Title: A framework for 3D vessel analysis using whole slide images of liver tissue sections

Authors: Yanhui Liang; Fusheng Wang; Darren Treanor; Derek Magee; Nick Roberts; George Teodoro; Yangyang Zhu; Jun Kong

Addresses: Department of Biomedical Informatics, Emory University, Atlanta, GA, 30322, USA ' Department of Biomedical Informatics, Emory University, Atlanta, GA, 30322, USA ' Department of Pathology Leeds Teaching Hospitals NHS Trust, Leeds Institute of Cancer and Pathology, The University of Leeds, Leeds LS9 7TF, UK ' School of Computing, The University of Leeds, Leeds LS2 9JT, UK ' Leeds Institute of Cancer and Pathology, The University of Leeds, Leeds LS9 7TF, UK ' Department of Computer Science, University of Brasília, Brasília, DF 70910-900, Brazil ' Department of Mathematics and Computer Science, Emory University, Atlanta, GA 30322, USA ' Department of Biomedical Informatics, Emory University, Atlanta 30322, GA, USA

Abstract: Three-dimensional (3D) high resolution microscopic images have high potential for improving the understanding of both normal and disease processes where structural changes or spatial relationship of disease features are significant.
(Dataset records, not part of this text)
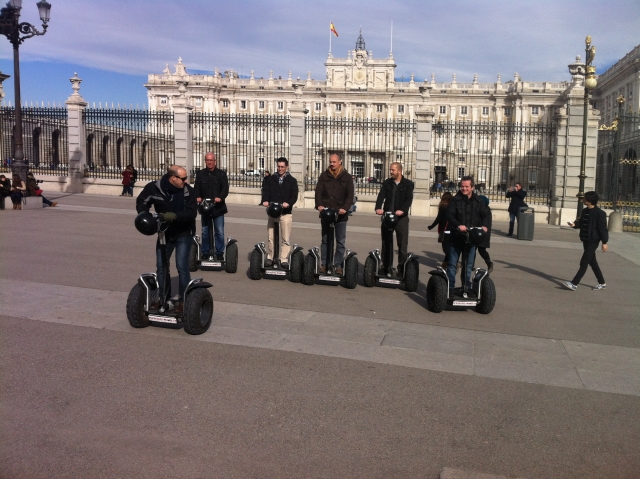 Grupo de segways en la Plaza Mayor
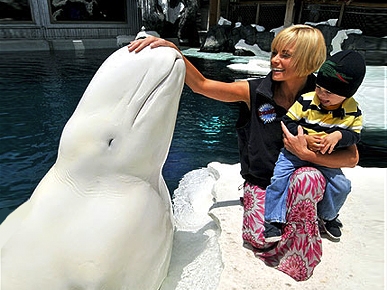 Spotted: Jaime Pressly Having a Whale of a Time!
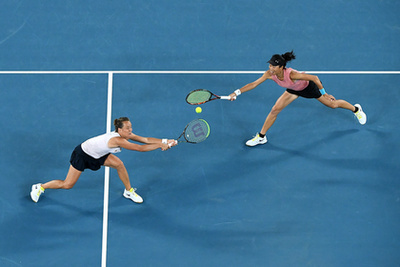 Babos Tímea (b) és a francia Kristina Mladenovic a trófeával miután győzött a tajvani Hszie Szu-vej és a cseh Barbora Strycová ellen az ausztrál nemzetközi teniszbajnokság női párosának döntőjében Melbourne-ben 2020. január 31-én.
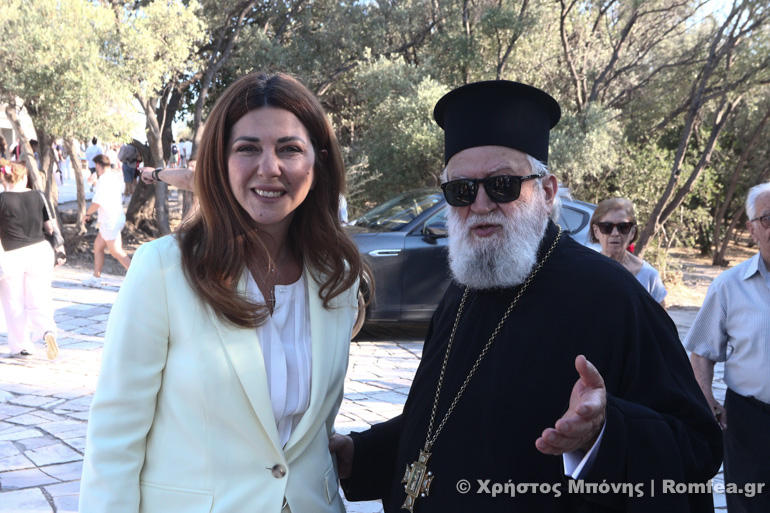 Χοροστατουντος του Αρχιεπισκοπου Ιερωνυμου τελεστηκε σημερα Πανηγυρικός Εσπερινος στον Ιερο Βράχο της Ακροπολεως για την εορτη του Αποστολου των Εθνων Παυλου Για τον Αποστολο Παυλο μιλησε ο Επισκοπος Ευρυπου Χρυσοστομος Στη φωτο ΣΟΦΙΑ ΖΑΧΑΡΑΚΗ ΥΠΟΥΡΓΟΣ ΘΩΜΑΣ ΣΥΝΟΔΙΝΟΣ ΦΩΤΟ ΧΡΗΣΤΟΣ ΜΠΟΝΗΣ//ΙΕΡΑ ΣΥΝΟΔΟΣ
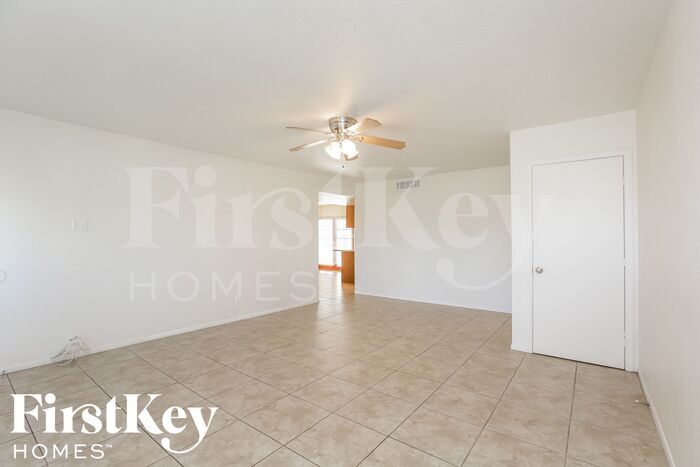 Building Photo - 4519 W San Miguel Ave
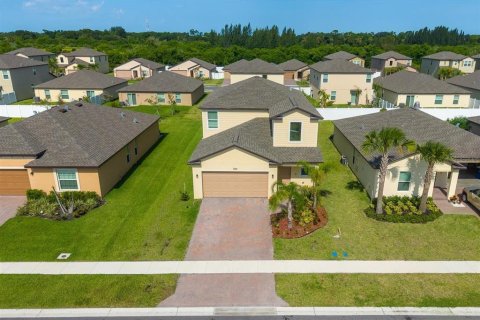 House in St. Lucie, Florida 5 bedrooms, 216.09 sq.m. № 2305140 - photo 4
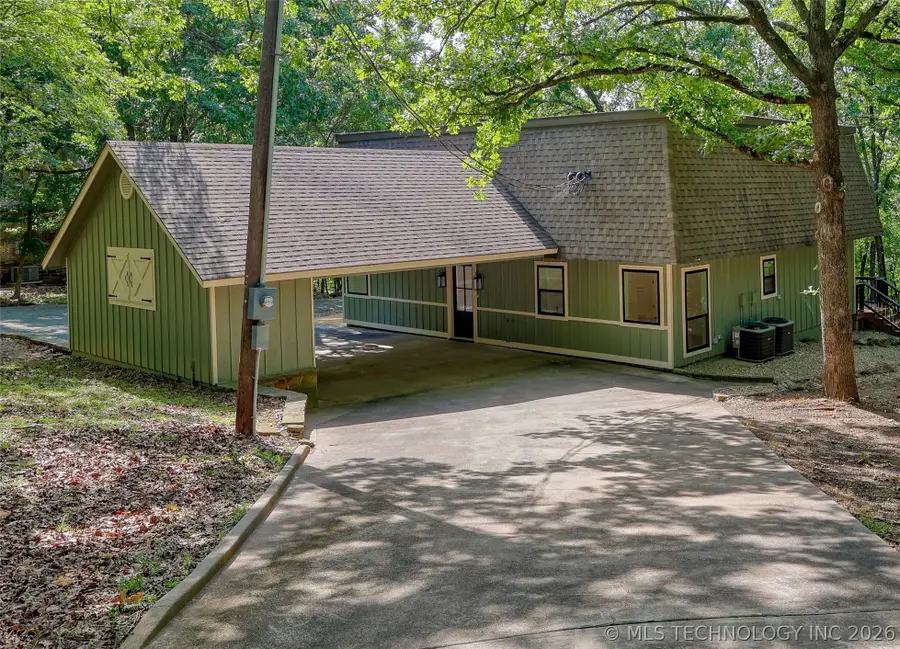 1296 Robin Hood, Eufaula, OK 74432 - #3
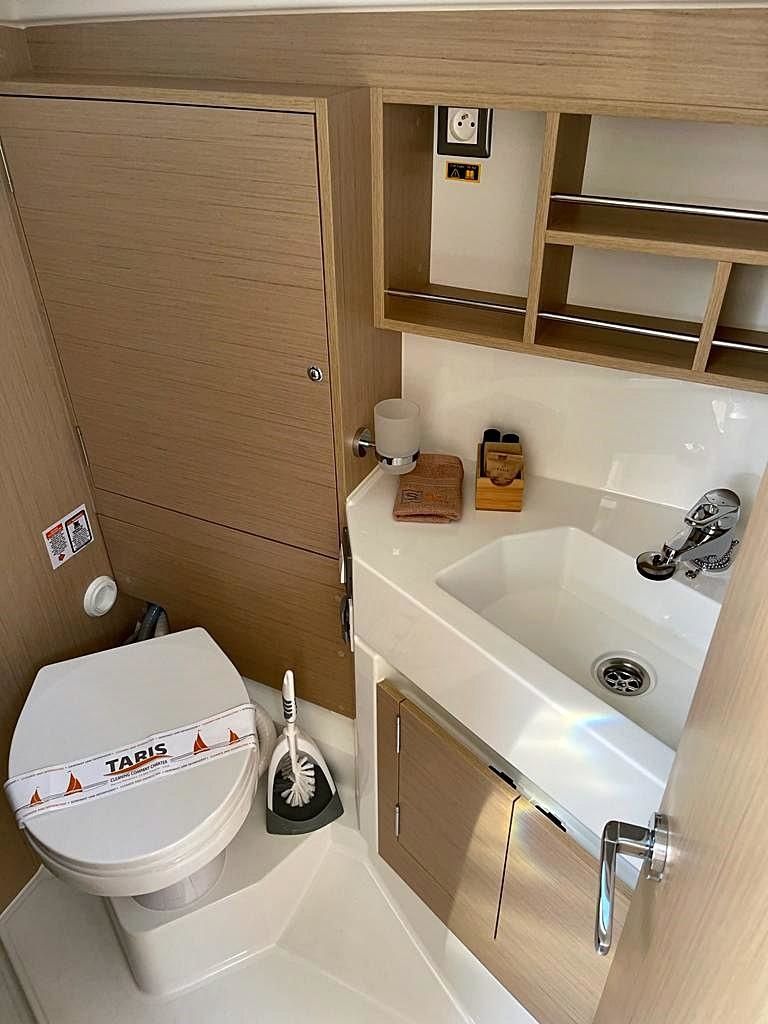 Beneteau Oceanis 34.1 | Ka Nani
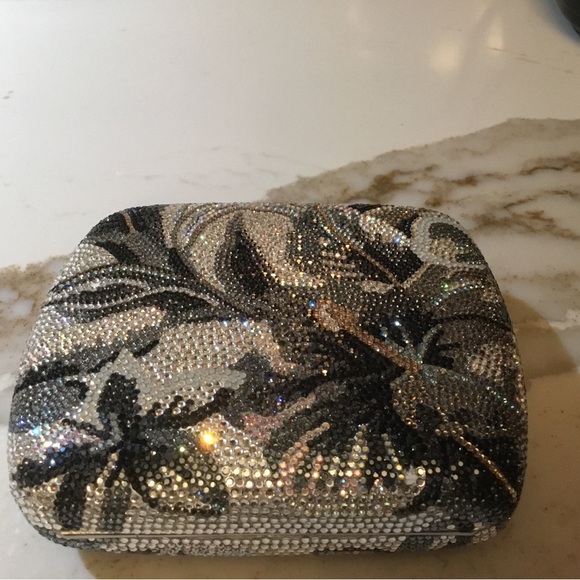 Judith Leiber Gorgeous Floral Crystals Clutch & Crossbody Bag!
In this paper, we develop a complete framework applicable to 3D pathology analytical imaging, with an application to whole slide images of sequential liver slices for 3D vessel structure analysis. The analysis workflow consists of image registration, segmentation, vessel cross-section association, interpolation, and volumetric rendering. To identify biologically-meaningful correspondence across adjacent slides, we formulate a similarity function for four association cases. The optimal solution is then obtained by constrained integer programming. We quantitatively and qualitatively compare our vessel reconstruction results with human annotations. Validation results indicate a satisfactory concordance as measured both by region-based and distance-based metrics. These results demonstrate a promising 3D vessel analysis framework for whole slide images of liver tissue sections.

Keywords: whole slide imaging; digital pathology; pathology image analysis; 3D vessel structure; liver pathology; liver tissue sections; 3D images; image registration; image segmentation; vessel cross-section association; interpolation; volumetric rendering; similarity function; constrained integer programming.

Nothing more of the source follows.